Transcribe the records that follow. Keep every word exactly, and drop the pictures.

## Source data
────

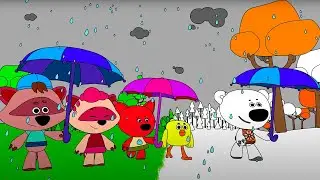 Раскраска 🎨  МИ-МИ-МИШКИ -🍄  Грибной Дождик 🌦  Учим Цвета! 🖌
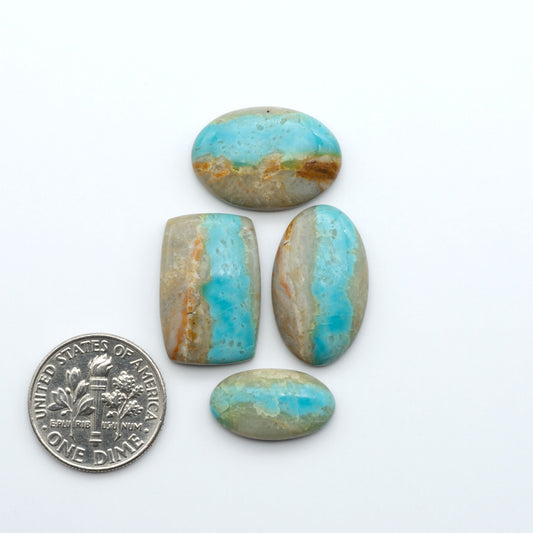 Add a touch of beauty to your collection with our stunning Pilot Mountain Turquoise Cabochons. Perfect for jewelry making each piece is truly one-of-a-kind.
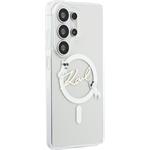 Karl Lagerfeld IML Choupette Karl Script Logo Magnetic kryt pre Samsung Galaxy S26 Ultra, transparentný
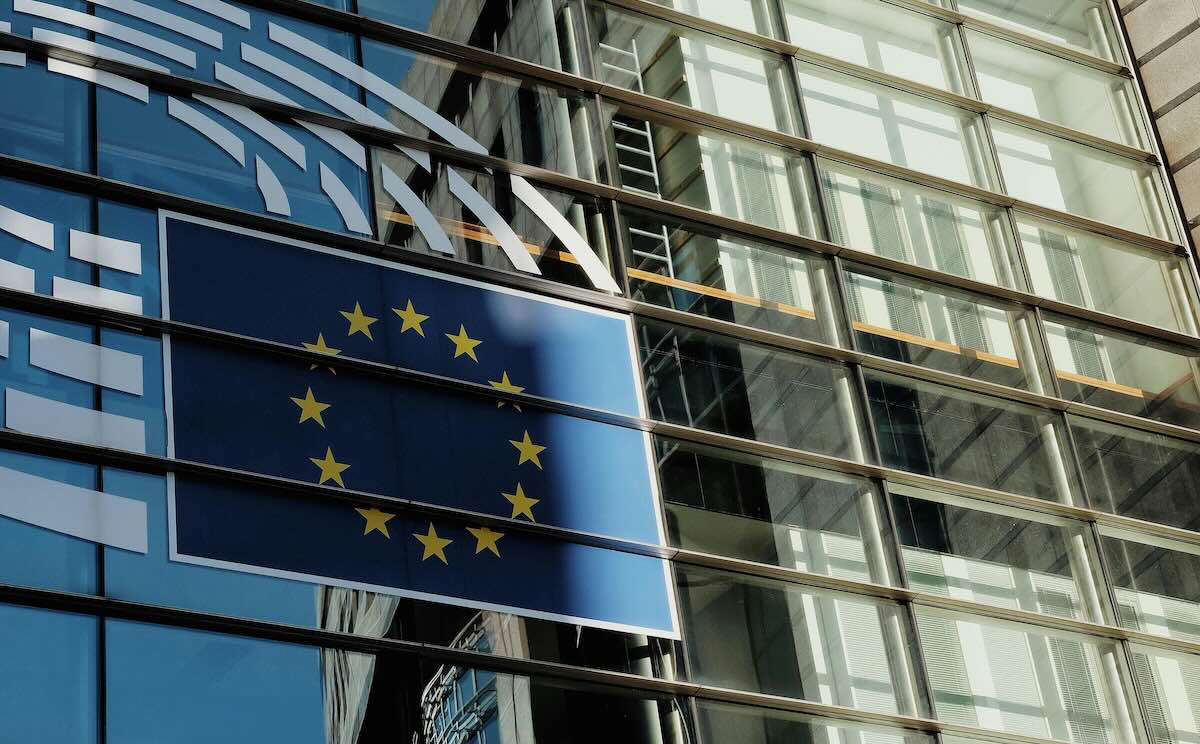 foto de bandera de la Unión Europea para nota sobre Groenlandia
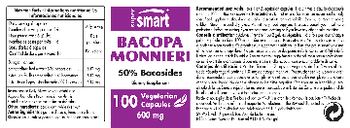 SuperSmart Bacopa Monnieri 600 mg - supplement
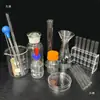Juego Experimental de Cristalería Matraz Cónico con Soporte para Tubos de Ensayo Pipeta con Punta de Goma Vaso de Precipitación Cilindro Graduado Tubo de Ensayo Un Juego (62
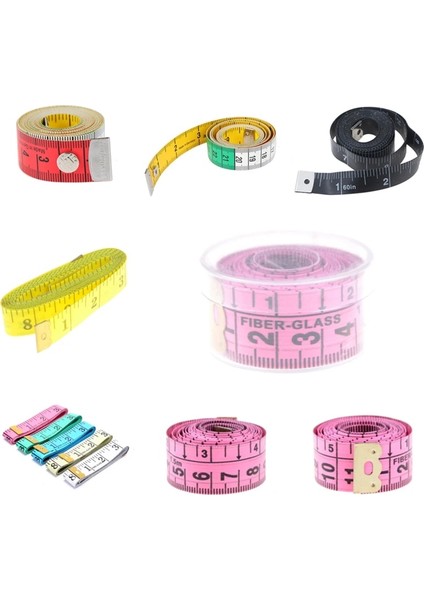 C 1 Adet 60IN 150CM Vücut Ölçüm Cetveli Dikiş Terzi Mezura Mini Yumuşak Düz Cetvel Santimetre Metre Dikiş Ölçüm Bandı (Yurt Dışından) modelleri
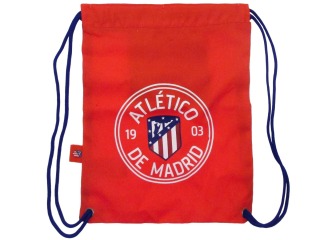 Atlético Madrid taška na chrbát / vrecko na prezúvky červené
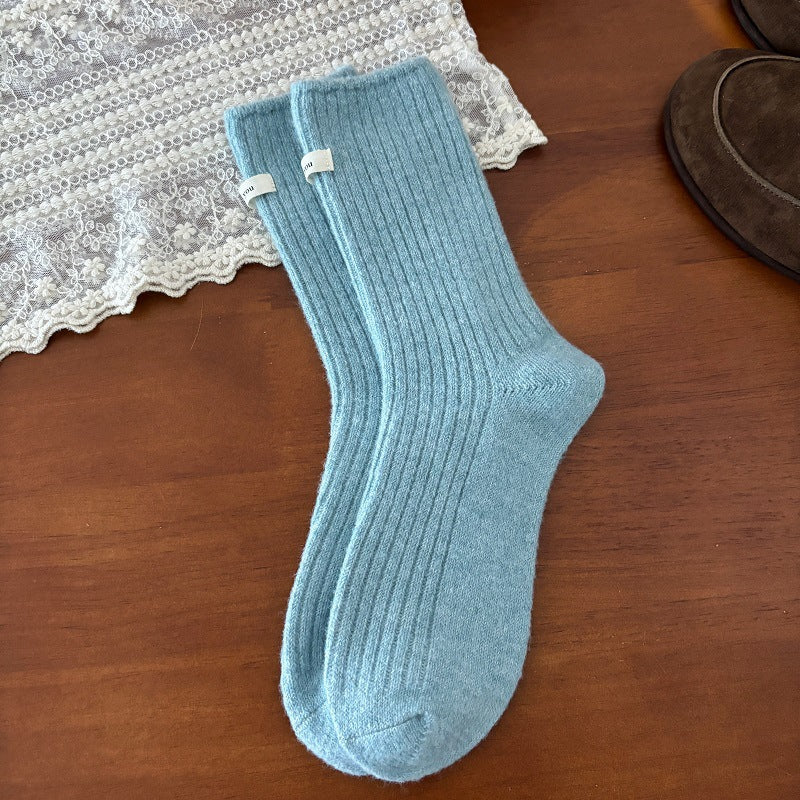 Warm Japanese-style Wool Socks For Women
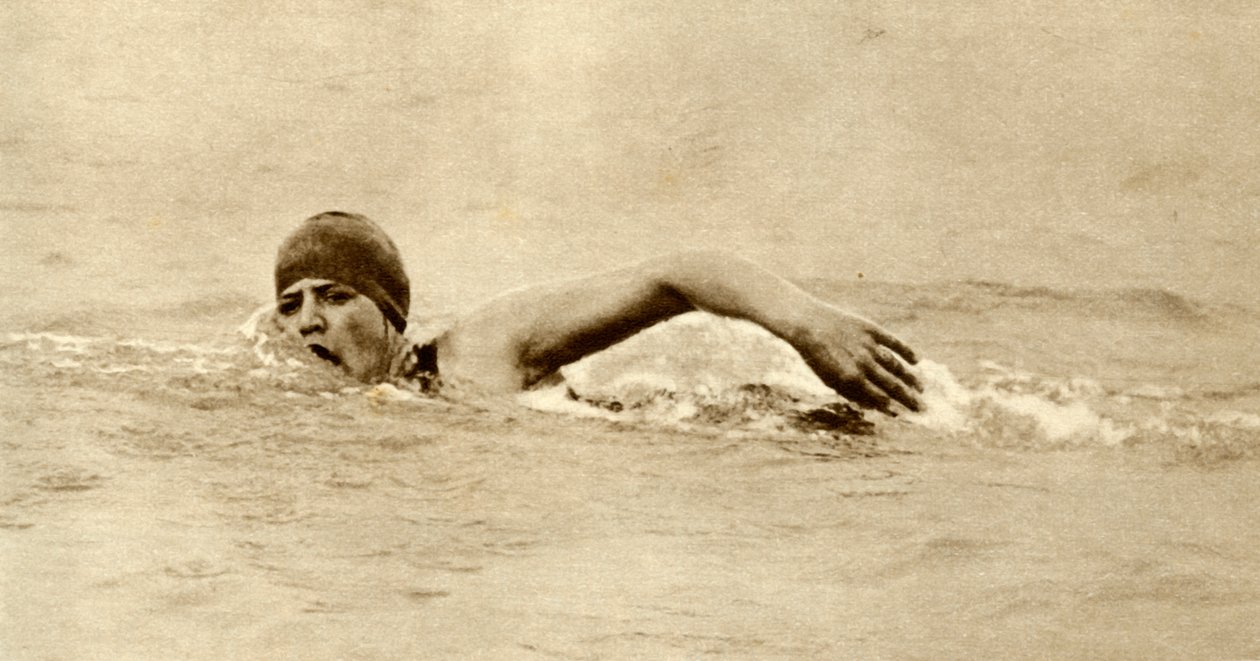 Gertrude Ederle, první žena, která přeplavala kanál, 1926, 1935. od Unbekannt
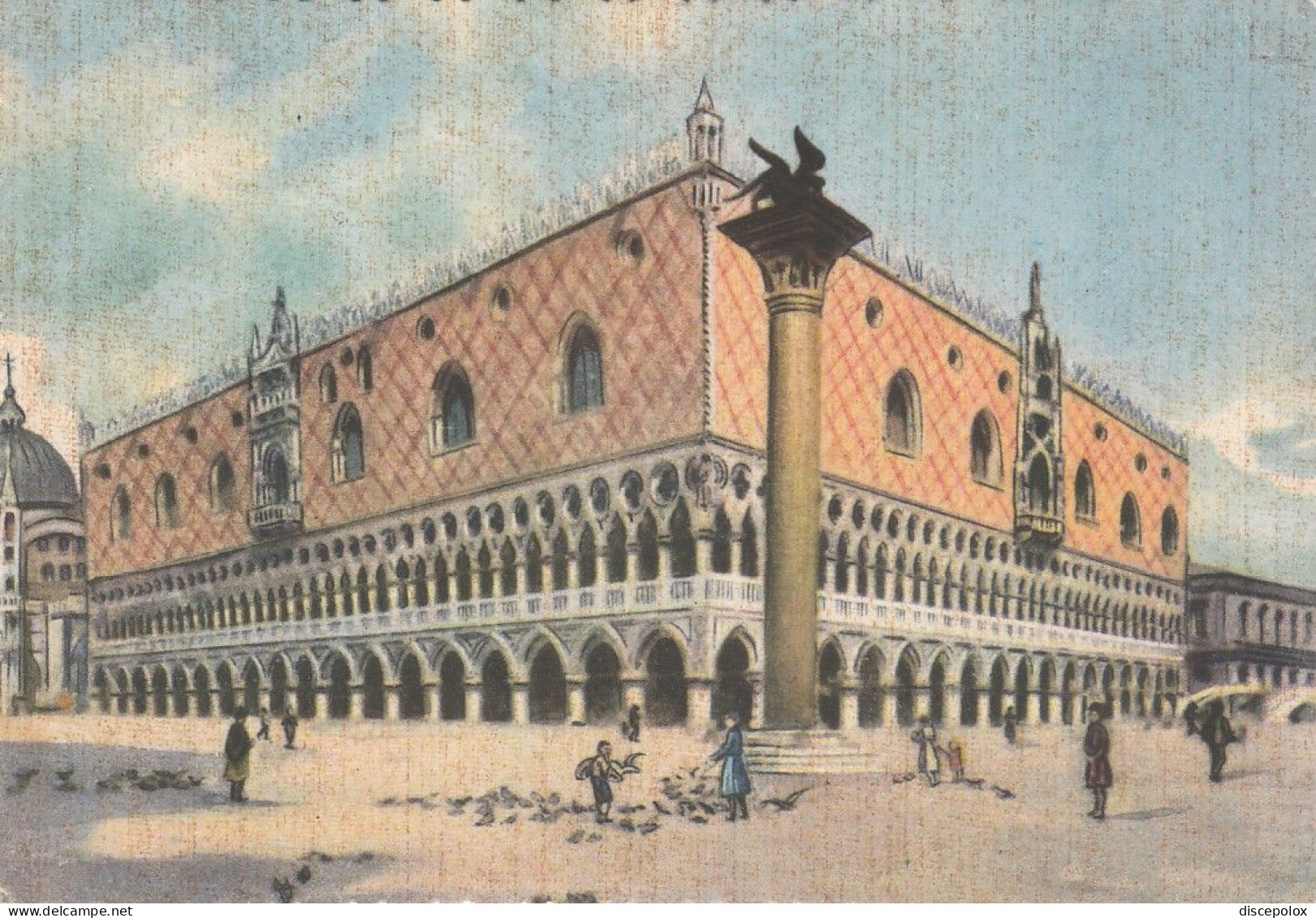 U6078 Venezia - Palazzo Ducale - Illustrazione Illustration / Viaggiata 1958 - Venezia (Venice)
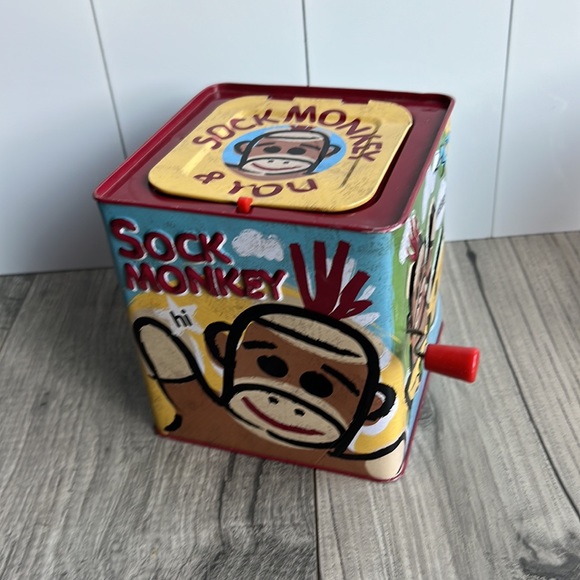 Schylling Toys Sock Monkey Musical Jack In The Box Poshmark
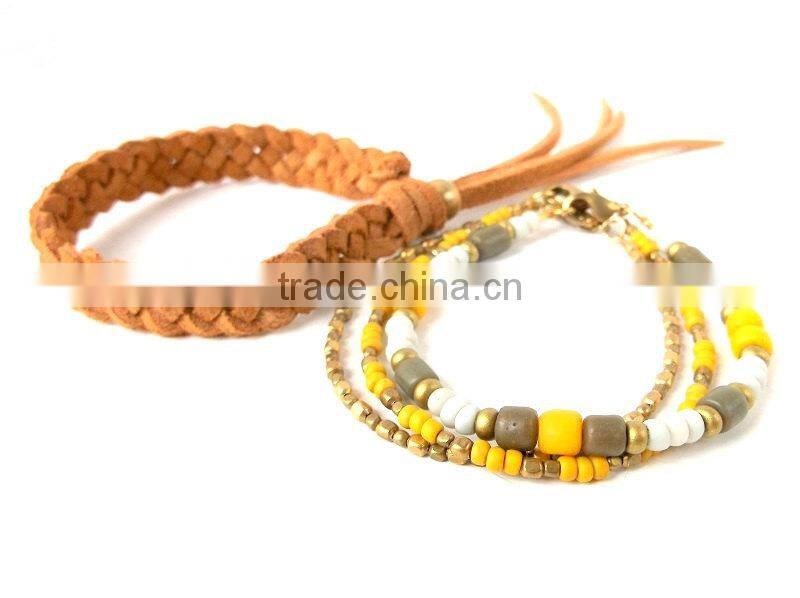 suede leather wrap Bracelet, handwoven leather Bracelet, Bohemian bracelet, braided Friendship bracelet
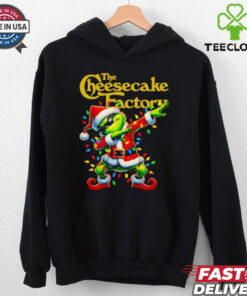 Santa Grinch dabbing The Cheesecake Factory Christmas shirt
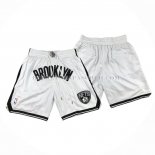 Short Brooklyn Nets Just Don Blanc2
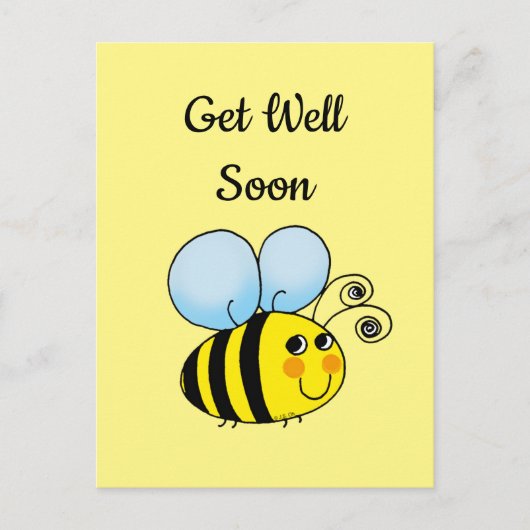 Goed zo snel (schattige honingbij) briefkaart (Voorkant)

────

## Response area
 Раскраска 🎨  МИ-МИ-МИШКИ -🍄  Грибной Дождик 🌦  Учим Цвета! 🖌
 Add a touch of beauty to your collection with our stunning Pilot Mountain Turquoise Cabochons. Perfect for jewelry making each piece is truly one-of-a-kind.
 Karl Lagerfeld IML Choupette Karl Script Logo Magnetic kryt pre Samsung Galaxy S26 Ultra, transparentný
 foto de bandera de la Unión Europea para nota sobre Groenlandia
 SuperSmart Bacopa Monnieri 600 mg - supplement
Juego Experimental de Cristalería Matraz Cónico con Soporte para Tubos de Ensayo Pipeta con Punta de Goma Vaso de Precipitación Cilindro Graduado Tubo de Ensayo Un Juego (62
 C 1 Adet 60IN 150CM Vücut Ölçüm Cetveli Dikiş Terzi Mezura Mini Yumuşak Düz Cetvel Santimetre Metre Dikiş Ölçüm Bandı (Yurt Dışından) modelleri
 Atlético Madrid taška na chrbát / vrecko na prezúvky červené
 Warm Japanese-style Wool Socks For Women
 Gertrude Ederle, první žena, která přeplavala kanál, 1926, 1935. od Unbekannt
 U6078 Venezia - Palazzo Ducale - Illustrazione Illustration / Viaggiata 1958 - Venezia (Venice)
 Schylling Toys Sock Monkey Musical Jack In The Box Poshmark
 suede leather wrap Bracelet, handwoven leather Bracelet, Bohemian bracelet, braided Friendship bracelet
 Santa Grinch dabbing The Cheesecake Factory Christmas shirt
 Short Brooklyn Nets Just Don Blanc2
 Goed zo snel (schattige honingbij) briefkaart (Voorkant)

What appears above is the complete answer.